Against the backdrop of third-party agencies Accord and Alliance, which have been overseeing factory remediation work in the country for the last 5 years, on their way out, the Government has reportedly decided to take the onus on itself to ensure a safe, secure and compliant apparel manufacturing sector. After the departure of Accord and Alliance, which is likely to happen by December this year, a Remediation Coordination Cell (RCC), overseen by the state, will carry forward the work initiated by the buyers’ bodies.
Following the Rana Plaza building collapse in April 2013 that killed more than 1,100 – mostly garment workers, a total of 3,780 garment factories were reportedly assessed for structural compliance under the three separate initiatives — European retailers’ platform Accord, North American buyers’ platform Alliance, and the Government-led and ILO-supported national initiative.
The efforts put in by the buyers’ bodies towards remediating the apparel sector have been appreciated. There’s no denying that Accord and Alliance did create quite some flutter in the industry amidst allegations that manufacturers were forced to make costly remediation work under pressure, which at times weren’t within the parameters of necessity and rather amounted to un-rational and needless, feel many.
Now that Accord and Alliance are departing, the country with the promise of replicating the Bangladesh model of remediation (which the agencies feel has been very successful) in other manufacturing destinations, Apparel Resources spoke to some industry stakeholders to understand their take on the issue, and the way forward.
“These days, the industry is more than aware of workplace safety, thanks to counselling and strong buyers’ demands. Alliance has no more activity in Bangladesh and Accord will be here for a few more months. If still some work is left, it will be done jointly by the Government and the BGMEA. Besides, independent inspection team will be formed with ILO, Ministry of Labour & Employment, BGMEA, and NGOs. Ministry of Labour & Employment will provide the fund required for the same. Bangladesh has already achieved very good workplace environment through team work, positive attitude, and huge investments. If some factories still lack in achieving those goals, they will also be able to overcome, I am sure,” said a confident Mir Gulzar-A-Alam, CEO of Western Fashion Tex & Sourcing while Brig. Gen. (Retd.) Aftab Uddin Ahmed, CEO of the Centre of Excellence of BGMEA maintained, “I don’t think the exit of the buyers’ bodies would have any business implications as such for the industry. First of all, in the last few years, Bangladesh has achieved the goals towards safer workplace. Besides, the buyers’ bodies would hand over the charge to another entity.”

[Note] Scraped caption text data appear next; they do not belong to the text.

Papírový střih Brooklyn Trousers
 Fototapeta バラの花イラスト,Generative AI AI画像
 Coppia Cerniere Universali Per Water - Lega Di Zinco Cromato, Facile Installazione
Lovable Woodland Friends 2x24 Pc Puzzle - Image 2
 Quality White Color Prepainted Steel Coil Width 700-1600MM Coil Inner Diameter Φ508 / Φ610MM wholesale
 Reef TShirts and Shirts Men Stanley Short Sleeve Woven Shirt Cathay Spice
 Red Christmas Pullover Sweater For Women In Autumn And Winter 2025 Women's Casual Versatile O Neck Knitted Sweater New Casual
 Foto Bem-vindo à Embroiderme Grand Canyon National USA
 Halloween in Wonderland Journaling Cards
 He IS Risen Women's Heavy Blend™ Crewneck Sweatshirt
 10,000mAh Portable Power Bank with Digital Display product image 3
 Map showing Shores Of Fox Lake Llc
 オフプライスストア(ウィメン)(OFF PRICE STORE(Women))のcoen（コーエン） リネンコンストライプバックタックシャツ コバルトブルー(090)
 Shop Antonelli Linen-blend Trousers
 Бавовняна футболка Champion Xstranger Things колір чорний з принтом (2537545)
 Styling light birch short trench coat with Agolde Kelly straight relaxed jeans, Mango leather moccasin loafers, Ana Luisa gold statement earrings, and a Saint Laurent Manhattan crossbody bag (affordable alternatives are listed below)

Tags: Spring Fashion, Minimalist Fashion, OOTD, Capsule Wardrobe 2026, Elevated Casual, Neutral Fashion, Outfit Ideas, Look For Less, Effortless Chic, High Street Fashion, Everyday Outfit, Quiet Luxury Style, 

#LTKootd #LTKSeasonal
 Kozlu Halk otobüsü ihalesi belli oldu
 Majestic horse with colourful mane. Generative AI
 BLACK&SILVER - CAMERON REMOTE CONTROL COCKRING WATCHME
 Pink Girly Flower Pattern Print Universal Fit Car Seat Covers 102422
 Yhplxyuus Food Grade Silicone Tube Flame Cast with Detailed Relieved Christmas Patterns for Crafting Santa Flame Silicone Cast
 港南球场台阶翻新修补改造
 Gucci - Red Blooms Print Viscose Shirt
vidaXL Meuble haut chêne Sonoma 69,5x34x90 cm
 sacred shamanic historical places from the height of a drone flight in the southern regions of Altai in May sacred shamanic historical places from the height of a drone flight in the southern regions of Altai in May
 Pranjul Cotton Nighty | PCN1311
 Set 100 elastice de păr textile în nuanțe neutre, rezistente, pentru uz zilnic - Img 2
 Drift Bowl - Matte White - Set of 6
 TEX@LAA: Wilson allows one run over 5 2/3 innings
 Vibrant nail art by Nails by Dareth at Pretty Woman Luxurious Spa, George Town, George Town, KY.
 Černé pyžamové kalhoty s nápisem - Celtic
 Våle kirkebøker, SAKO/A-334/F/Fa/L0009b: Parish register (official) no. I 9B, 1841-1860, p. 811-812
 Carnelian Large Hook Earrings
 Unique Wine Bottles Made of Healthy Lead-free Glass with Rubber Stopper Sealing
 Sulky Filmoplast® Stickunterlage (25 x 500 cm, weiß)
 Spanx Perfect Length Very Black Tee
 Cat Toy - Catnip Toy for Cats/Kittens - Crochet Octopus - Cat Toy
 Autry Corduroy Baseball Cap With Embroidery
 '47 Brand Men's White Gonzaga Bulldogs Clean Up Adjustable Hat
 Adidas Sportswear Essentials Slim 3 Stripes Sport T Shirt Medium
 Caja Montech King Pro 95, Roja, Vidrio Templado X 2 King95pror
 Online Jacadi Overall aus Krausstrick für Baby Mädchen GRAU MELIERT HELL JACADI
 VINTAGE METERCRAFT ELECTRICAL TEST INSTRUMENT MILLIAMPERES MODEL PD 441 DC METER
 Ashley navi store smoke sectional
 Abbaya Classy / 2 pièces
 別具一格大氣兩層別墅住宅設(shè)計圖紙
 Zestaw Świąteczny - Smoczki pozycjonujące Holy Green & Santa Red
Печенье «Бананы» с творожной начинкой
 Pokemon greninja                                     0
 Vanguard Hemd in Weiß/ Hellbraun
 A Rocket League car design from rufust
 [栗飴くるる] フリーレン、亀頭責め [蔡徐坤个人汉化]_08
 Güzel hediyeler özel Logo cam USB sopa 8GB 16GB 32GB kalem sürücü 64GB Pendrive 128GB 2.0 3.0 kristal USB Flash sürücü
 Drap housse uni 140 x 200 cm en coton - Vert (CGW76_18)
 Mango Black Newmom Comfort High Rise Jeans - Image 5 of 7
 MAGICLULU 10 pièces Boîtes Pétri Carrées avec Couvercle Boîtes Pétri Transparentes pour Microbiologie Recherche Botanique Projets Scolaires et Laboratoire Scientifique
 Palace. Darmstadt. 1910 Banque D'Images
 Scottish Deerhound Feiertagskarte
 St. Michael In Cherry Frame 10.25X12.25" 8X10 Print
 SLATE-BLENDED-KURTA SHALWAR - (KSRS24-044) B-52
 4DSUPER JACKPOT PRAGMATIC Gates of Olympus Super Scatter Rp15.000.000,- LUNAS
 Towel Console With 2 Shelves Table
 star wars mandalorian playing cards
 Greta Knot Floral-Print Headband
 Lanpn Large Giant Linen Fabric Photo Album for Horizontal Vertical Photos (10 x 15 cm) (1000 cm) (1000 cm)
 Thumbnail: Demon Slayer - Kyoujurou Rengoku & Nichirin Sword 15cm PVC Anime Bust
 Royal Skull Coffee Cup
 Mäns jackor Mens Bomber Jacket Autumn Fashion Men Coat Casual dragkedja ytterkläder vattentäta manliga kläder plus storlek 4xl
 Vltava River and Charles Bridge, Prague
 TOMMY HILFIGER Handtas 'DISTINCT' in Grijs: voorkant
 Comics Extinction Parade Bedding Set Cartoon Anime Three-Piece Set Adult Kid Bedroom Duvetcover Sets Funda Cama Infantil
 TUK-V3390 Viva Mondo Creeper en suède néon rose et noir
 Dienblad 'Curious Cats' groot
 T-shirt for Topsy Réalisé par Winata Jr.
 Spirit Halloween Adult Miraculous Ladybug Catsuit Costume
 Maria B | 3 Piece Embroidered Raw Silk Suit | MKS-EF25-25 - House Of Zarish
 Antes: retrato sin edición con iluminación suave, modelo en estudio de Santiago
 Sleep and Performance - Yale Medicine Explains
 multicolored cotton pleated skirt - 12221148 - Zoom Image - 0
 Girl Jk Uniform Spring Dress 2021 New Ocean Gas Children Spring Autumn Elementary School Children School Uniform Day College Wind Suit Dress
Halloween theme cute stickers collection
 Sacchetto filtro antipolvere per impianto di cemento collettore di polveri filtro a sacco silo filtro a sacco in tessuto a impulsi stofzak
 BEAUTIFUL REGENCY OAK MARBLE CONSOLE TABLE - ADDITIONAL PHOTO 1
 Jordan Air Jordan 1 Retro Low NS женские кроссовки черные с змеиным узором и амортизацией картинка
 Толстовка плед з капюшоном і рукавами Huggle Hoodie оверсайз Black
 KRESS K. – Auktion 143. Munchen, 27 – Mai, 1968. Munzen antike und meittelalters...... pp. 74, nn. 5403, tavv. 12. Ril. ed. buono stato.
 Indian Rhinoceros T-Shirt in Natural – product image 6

The manufacturers too shared their views rather forthrightly. “Accord and Alliance have different ways of working and for the same cause, so there is a conflict of interest. The biggest issue that we have been facing is the lack of standardised compliance codes. There are different entities and each has its own standards and specifications, so factories need a standardised policy that would be same for all the platforms. From a personal viewpoint, the changes that have been brought about by Accord and Alliance, especially in the aftermath of Rana Plaza incident, I feel, was very much needed. Now that there are talks of the buyers’ bodies planning to leave the country, I have my doubts if the Government-initiated monitoring system, that would take over from Accord and Alliance, would be able work as efficiently and fluidly as they did,” observed Mainuddin Ahmed, Director-Anowara Group.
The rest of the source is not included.